アメリカ株に長期投資していれば必ず儲かるという常識。データに基づいて論破します。

なぜ世間では必ず儲かると言われているの?

 下のグラフはアメリカ株の代表的な株価指数であるS&P500の1980年から2024年までの株価チャートです。
 
 惚れ惚れするようなきれいな右肩上がりとなっています。
 多くの人がこのグラフを見て、「40年以上も株価は上昇している。だからこれからも上昇するに違いない」と思っています。

 でもこの考え方は正しいでしょうか?

過去10年以上儲からなかった時期があった

 上のグラフの前の期間である1970年代では、ほとんど儲かっていなかったんです。
 下のグラフは1970年代のものですが、ほとんど横ばいとなっています。

 さらにこの時期は、物の値段が急激に上がっていたので、株価は横ばいのままでは株を売って
得たお金では買える物が少なくなります。
 従って、実質的には財産が減っていることになります。
 
 20代のような若い方にとっては10年間株価が上がらなくても、我慢できるかもしれません。
しかし、60代以上の老後資金として蓄えてきた方々にとっては、このような状況は厳しいですよね。

なぜ儲からなかった時期と儲かった時期があるの?

 原因はいろいろありますが、大きな原因の1つとして金利が考えられます。
 以下のグラフはアメリカの10年物国債の金利です。

 グラフからわかるように1970年代は上昇しており、1980年辺りをピークに下落し続けています。
 
 つまり、金利が上昇傾向にあった1970年代は儲からなかった時期で、金利が下落し続けてきた
1980年から今までの期間は儲かった期間ということです。
 
 株でも不動産でも金でも基本的に金利が上がると、儲からなくなる、ということは重要なので、是非とも覚えておいてください。

今後アメリカ株は上昇するの?

 金利が下落し続けていることがアメリカ株上昇の大きな理由の1つである、と説明しました。
 従って、今後アメリカ株が上昇するかどうかは、将来アメリカの金利は上昇するかどうかで決まるということになります。
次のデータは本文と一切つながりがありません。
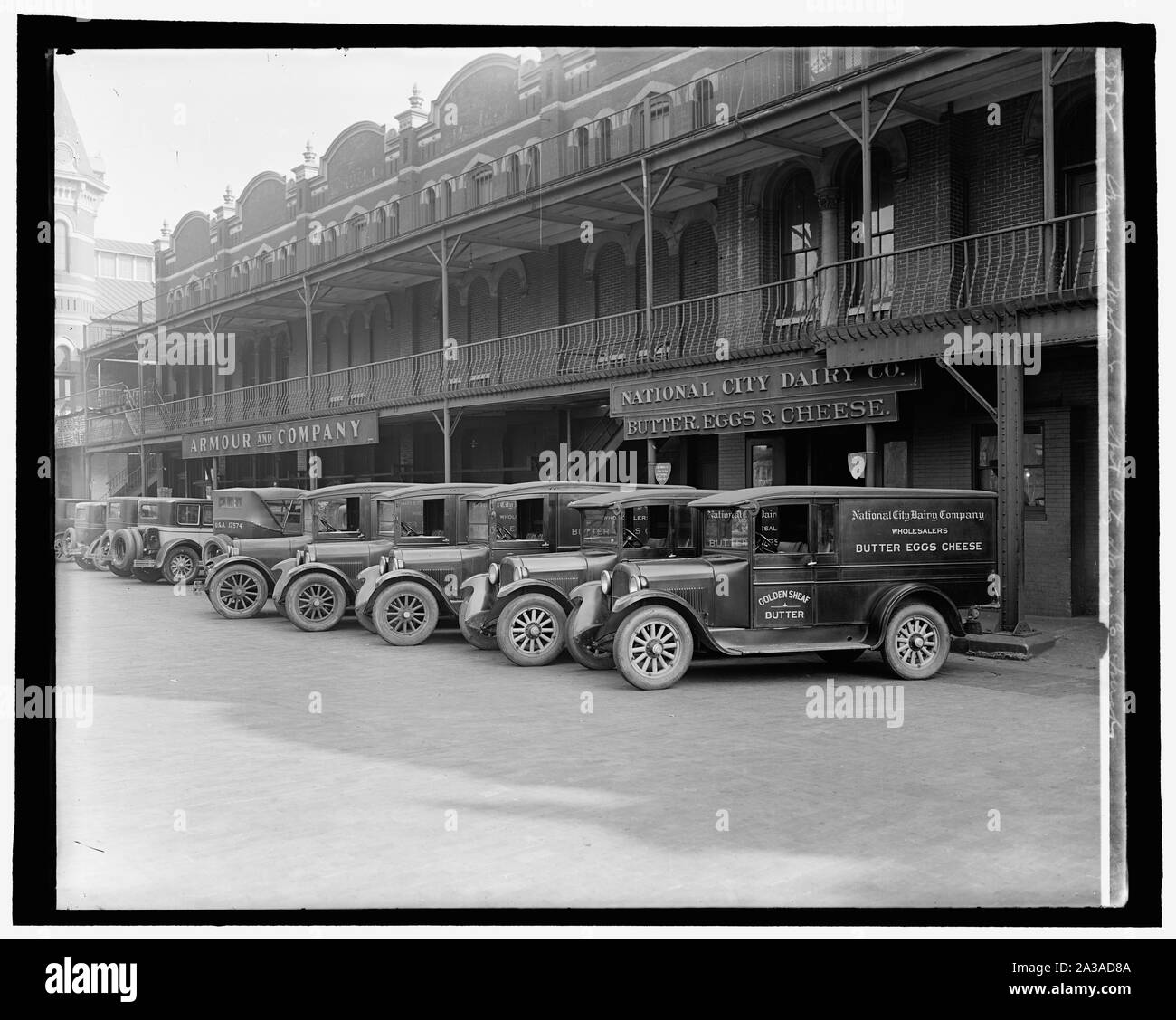 Semmes Motor Co., Nat. Città Dairy Co. camion Foto Stock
 将来金利がどうなるかを確実に予測するのは無理ですよね。
 でも、予測するためのヒントはあります。その1つが世界中の投資家が今後金利はどのようになると考えているかを確認する方法です。

 以下の表はシカゴ・マーカンタイル取引所(CME)が出しているもので、世界中の投資家が金利が
どのように変化していくかを予想した結果となっています。

CMEのFedWatch ツール – CME Group

 表の見方は例えば、2025年3月19日(赤枠)においては、金利が3.75%~4.00%(青枠)となる
可能性が41.8%(緑枠)になると投資家が考えていることになります。

 なお、現在の金利は5.3%ぐらいなので今後投資家は金利が低くなっていくと予想していることに
なります。

 但しこれもあくまで世界中の投資家が考えている予想値なので、今後の経済状態(例えば物価水準)の状況次第で上昇することになります。

まとめ

  •  アメリカ株に長期投資していれば必ず儲かるという常識は、データに基づいて否定されました。
  •  過去のデータからアメリカ株が儲かった時期は金利が下落している時期であることを説明しました。

 但し、今後アメリカ株がどのようになるかの結論はまだでした。こちらについては、別の記事で
書こうと考えています。
 記事をご覧頂き、どうもありがとうございました。